Solved – How to estimate shrinkage parameter in Lasso or ridge regression with >50K variables

high-dimensionallassorridge regression

I want to use Lasso or ridge regression for a model with more than 50,000 variables. I want do so using software package in R. How can I estimate the shrinkage parameter ($\lambda$)?

Edits:

Here is the point I got up to:

set.seed (123)
Y <- runif (1000)
Xv <- sample(c(1,0), size= 1000*1000,  replace = T)
X <- matrix(Xv, nrow = 1000, ncol = 1000)

mydf <- data.frame(Y, X)

require(MASS)
lm.ridge(Y ~ ., mydf)

plot(lm.ridge(Y ~ ., mydf,
              lambda = seq(0,0.1,0.001)))

enter image description here

My question is: How do I know which $\lambda$ is best for my model?

Best Answer

The function cv.glmnet from the R package glmnet does automatic cross-validation on a grid of $\lambda$ values used for $\ell_1$-penalized regression problems. In particular, for the lasso. The glmnet package also supports the more general elastic net penalty, which is a combination of $\ell_1$ and $\ell_2$ penalization. As of version 1.7.3. of the package taking the $\alpha$ parameter equal to 0 gives ridge regression (at least, this functionality was not documented until recently).

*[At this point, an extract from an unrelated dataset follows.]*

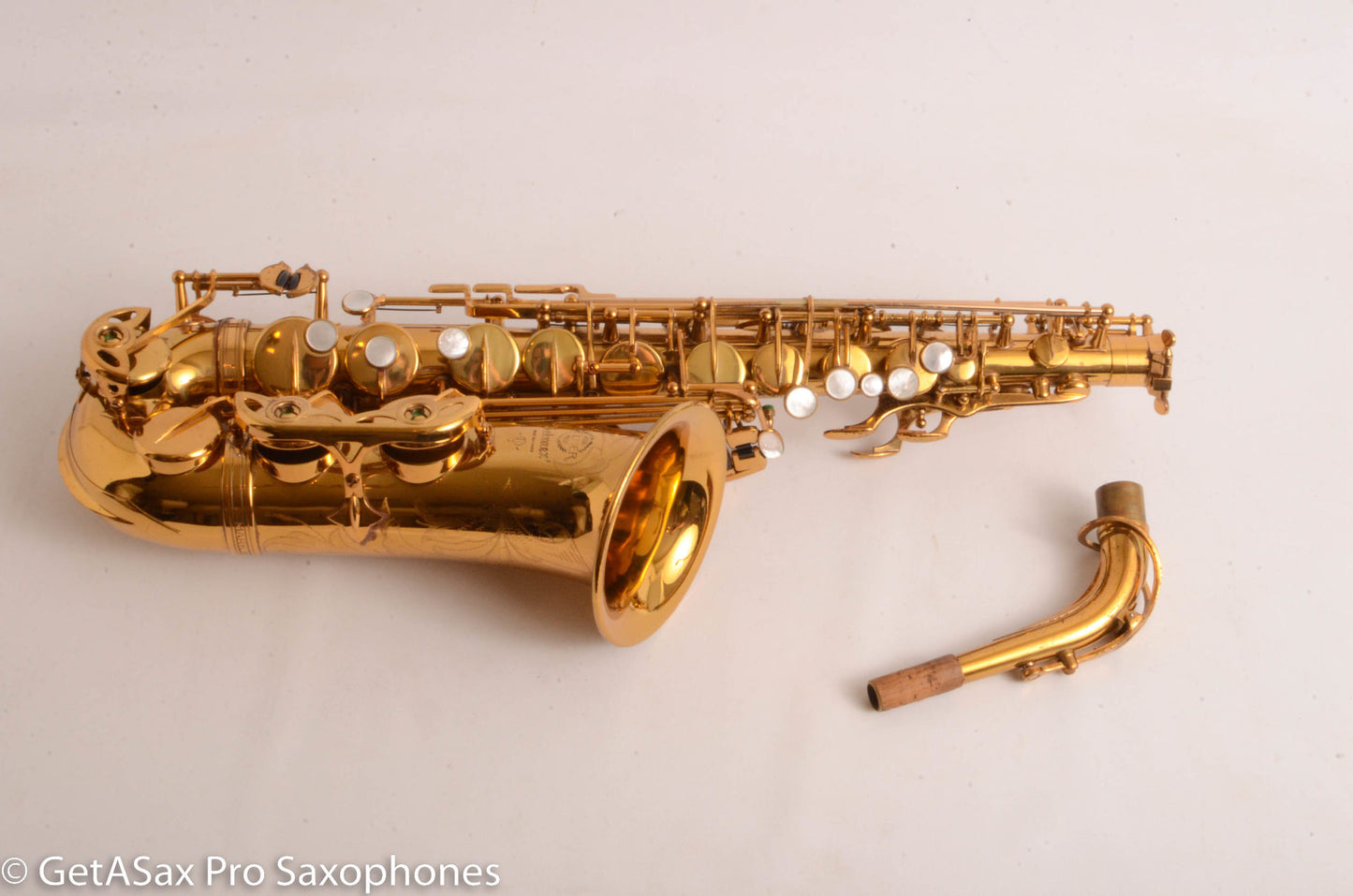 Selmer Mark VI Alto 1969 Original Lacquer Excellent Condition 171207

Cross-validation is an estimate of the expected generalization error for each $\lambda$ and $\lambda$ can sensibly be chosen as the minimizer of this estimate. The cv.glmnet function returns two values of $\lambda$. The minimizer, lambda.min, and the always larger lambda.1se, which is a heuristic choice of $\lambda$ producing a less complex model, for which the performance in terms of estimated expected generalization error is within one standard error of the minimum. Different choices of loss functions for measuring the generalization error are possible in the glmnet package. The argument type.measure specifies the loss function.

Alternatively, the R package mgcv contains extensive possibilities for estimation with quadratic penalization including automatic selection of the penalty parameters. Methods implemented include generalized cross-validation and REML, as mentioned in a comment. More details can be found in the package authors book: Wood, S.N. (2006) Generalized Additive Models: an introduction with R, CRC.